Ilmu Falak dalam Peradaban Islam


300 tahun setelah wafatnya nabi Muhammad SAW, umat islam mulai merambah ke puncak dunia dengan menguasai berbagai macam disiplin ilmu. Hal ini diakibatkan karena sangat besarnya perhatian para khalifah yang berkuasa mengenai keberlangsungan ilmu pengetahuan di lingkungan umat islam.

Akhirnya dibangunlah pusat – pusat kajian ke ilmuan islam, ilmu umum, hingga pusat penerjamahan teks – teks pembelajaran Yunani, India, hingga Persia ke bahasa Arab. Tak hanya itu, para khalifah utamanya di zaman kepemimpinan Harun Ar – Rasyid dibangunlah sebuah perpustakaan yang sangat besar dan lengkap yang mungkin akan lebih besar dari pada perpustakaan Kongress di abad ini.

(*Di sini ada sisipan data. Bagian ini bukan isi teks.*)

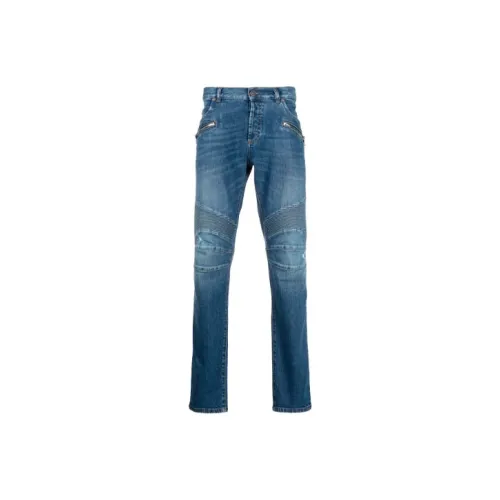 BALMAIN Blue Men's Jeans BALMAIN Синий Мужской Джинсы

Namanya adalah bait al hikmah. Di sana, menjadi pusat pembelajaran serta penelitian umat islam terdahulu. Sehingga tak jarang banyak ilmuan – ilmuan muslim yang lahir dari tempat itu. Tidak hanya disiplin ilmu agama saja yang dipelajari, melainkan dari seluruh disiplin ilmu. Mulai dari kedokteran, sains, sosial, hingga ilmu perbintangan, nujum, atau lebih dikenal dengan nama ilmu falak.

Mengenai perkembangan ilmu falak sendiri, berawal dari seorang pengembara India yang menyerahkan sebuah buku astronomis yang berjudul Shindid kepada kerajaan islam di Baghdad pada tahun 773 M. Oleh khalifah Abu Ja’far al – Manshur, diperintahlah agar buku tersebut diterjemahkan ke dalam bahasa arab. Dan momen ini menjadikan si penerjemah yang bernama Ibrahim Al – Fazari menjadi ahli falak pertama dalam islam.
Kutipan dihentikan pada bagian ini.